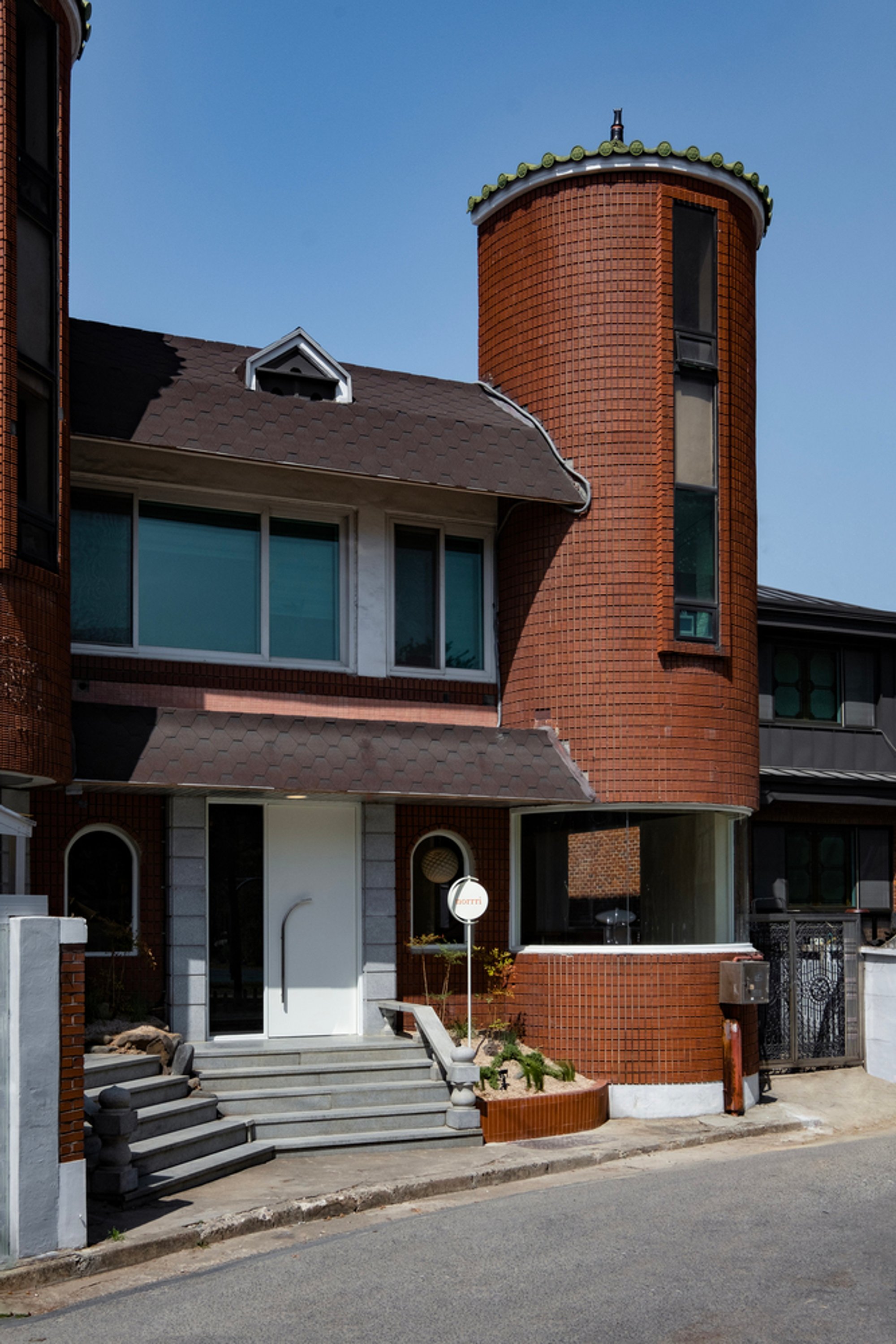 norrri cafe by atelier ah: A Warm, Playful Retreat Inspired by Childhood Memories in Cheongju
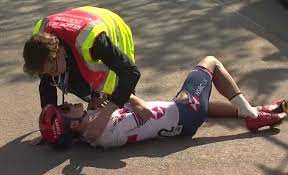 Son équipe, ineos grenadiers a publié un court extrait vidéo du coureur qui semble en parfaite. U23 Tour Flanders Crash Took Out Team Gb S Tom Pidcock Sticky Bottle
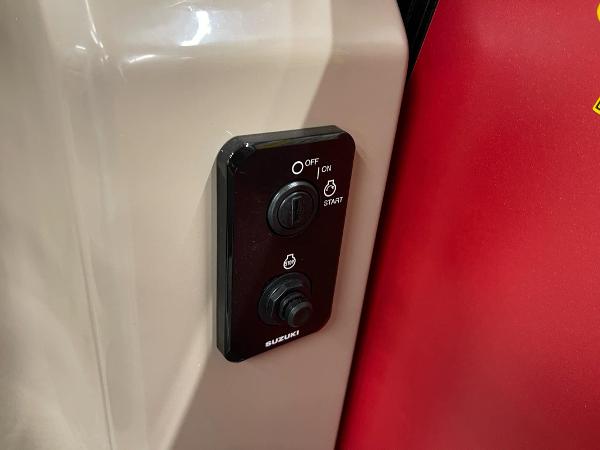 Control panel on 2025 Bentley Pontoons 200 Fish-N-Cruise boat.
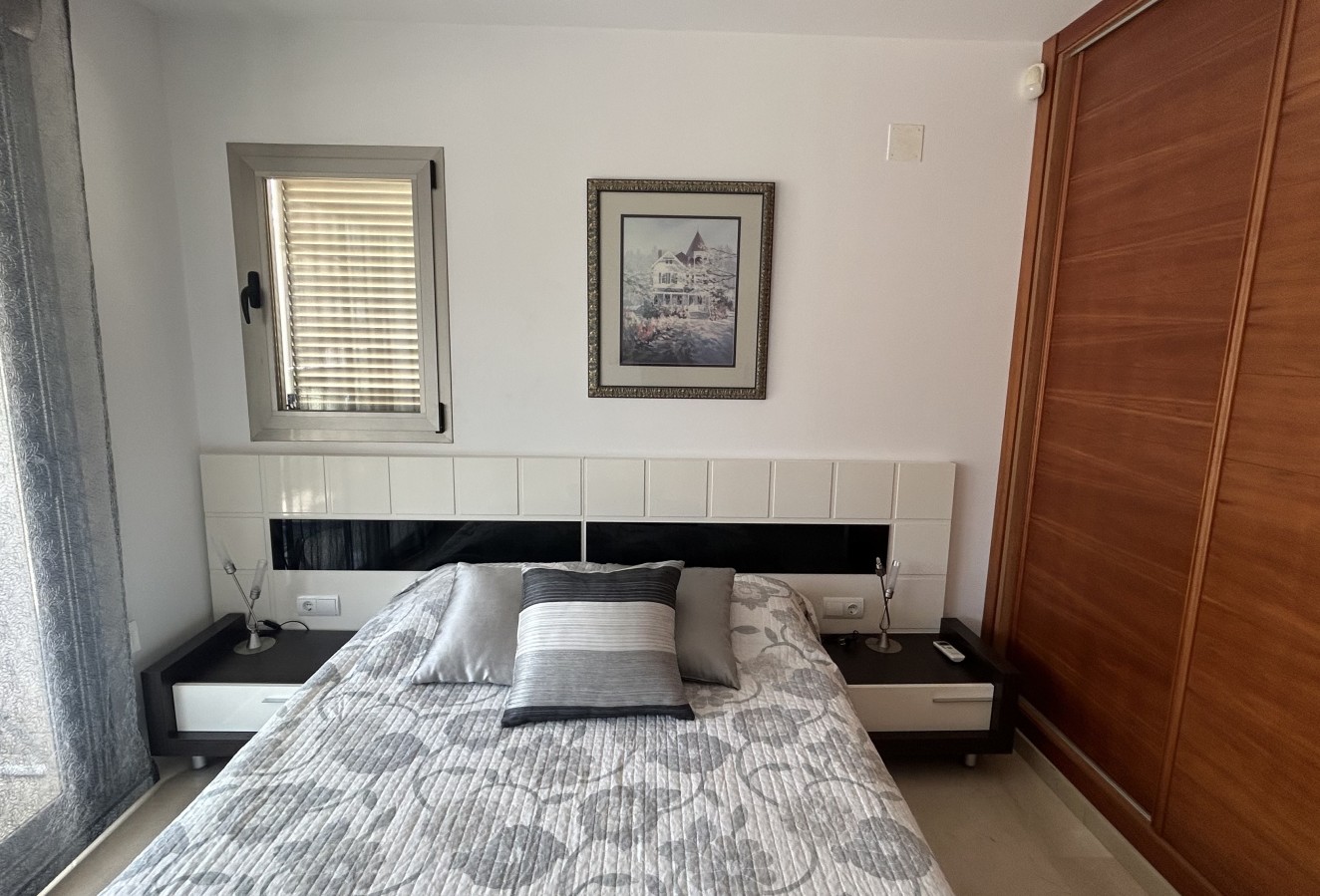 Alquiler a corto plazo - Apartamento / piso - Albir - Playa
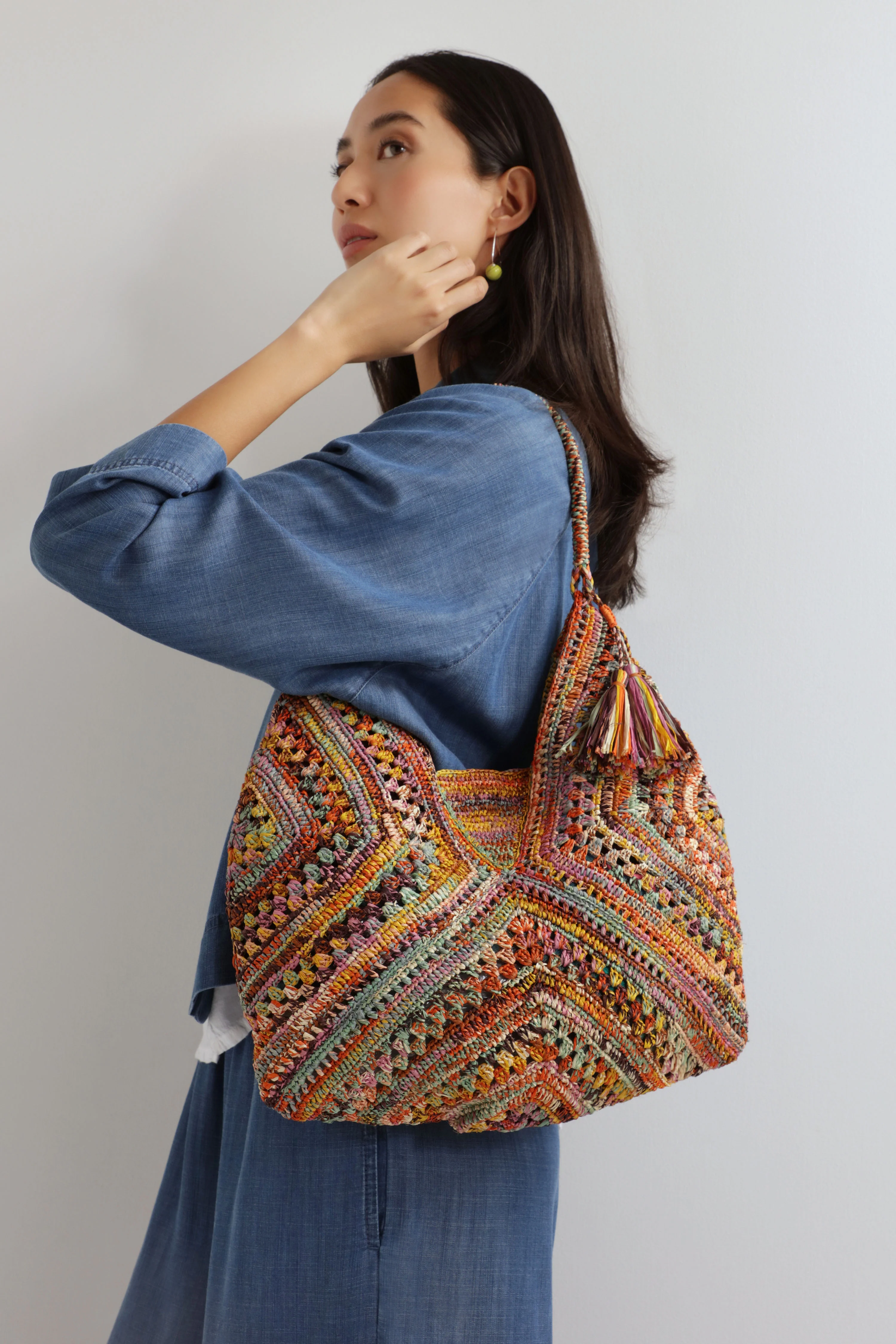 Handwoven Bohemian Raffia Bag - Image 3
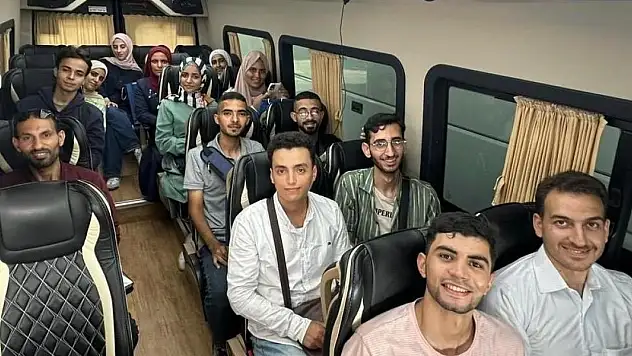 Azerbaycan, 14 Filistinli Öğrenciyi Gazze'den Tahliye Etti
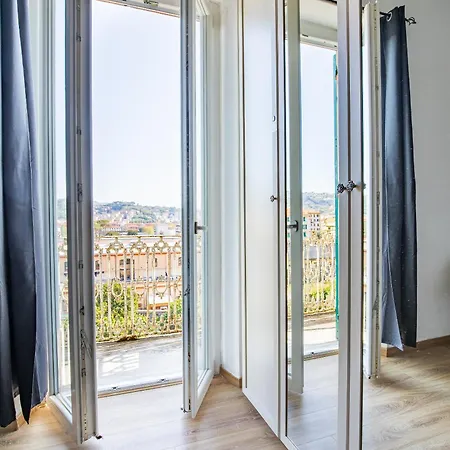 Apartment Elegante Dimora La Spezia-free Parking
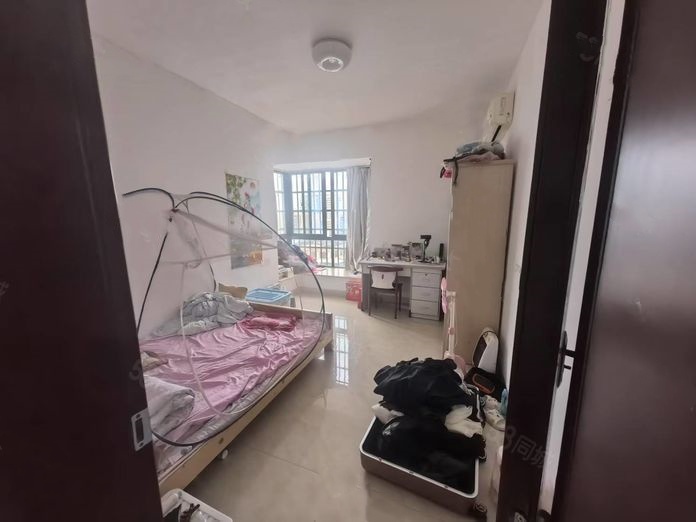 椰岛华庭 2室2厅2卫 2500.0元/月 椰岛华庭 2室2厅2卫 2500.0元/月室内图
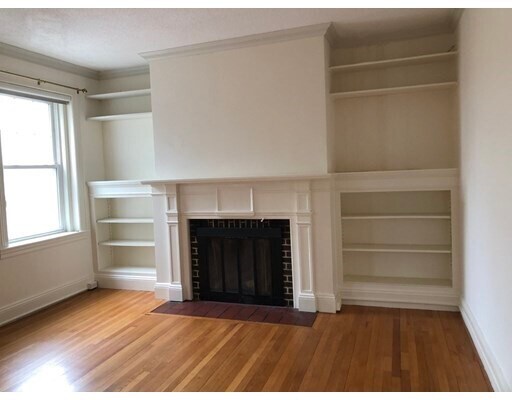 Building Photo - 128 Sewall Ave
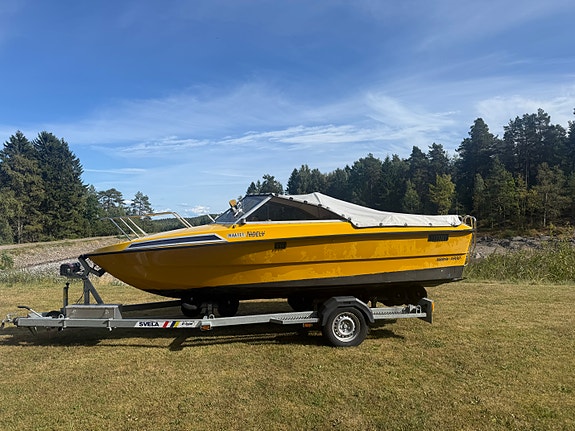 KUPP-NIDELV 1800 SPORT HEL BÅT MED NYERE HAVNEKALESJE -ORGINALE PUTER OG TEPPER 2 of 30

+ + + + + + +

▶ What you should do
Would you please write out the entries in full, exactly as they read, but without pictures?

▶ Exercise output
 norrri cafe by atelier ah: A Warm, Playful Retreat Inspired by Childhood Memories in Cheongju
 Son équipe, ineos grenadiers a publié un court extrait vidéo du coureur qui semble en parfaite. U23 Tour Flanders Crash Took Out Team Gb S Tom Pidcock Sticky Bottle
 Control panel on 2025 Bentley Pontoons 200 Fish-N-Cruise boat.
 Alquiler a corto plazo - Apartamento / piso - Albir - Playa
 Handwoven Bohemian Raffia Bag - Image 3
 Azerbaycan, 14 Filistinli Öğrenciyi Gazze'den Tahliye Etti
 Apartment Elegante Dimora La Spezia-free Parking
 椰岛华庭 2室2厅2卫 2500.0元/月 椰岛华庭 2室2厅2卫 2500.0元/月室内图
 Building Photo - 128 Sewall Ave
 KUPP-NIDELV 1800 SPORT HEL BÅT MED NYERE HAVNEKALESJE -ORGINALE PUTER OG TEPPER 2 of 30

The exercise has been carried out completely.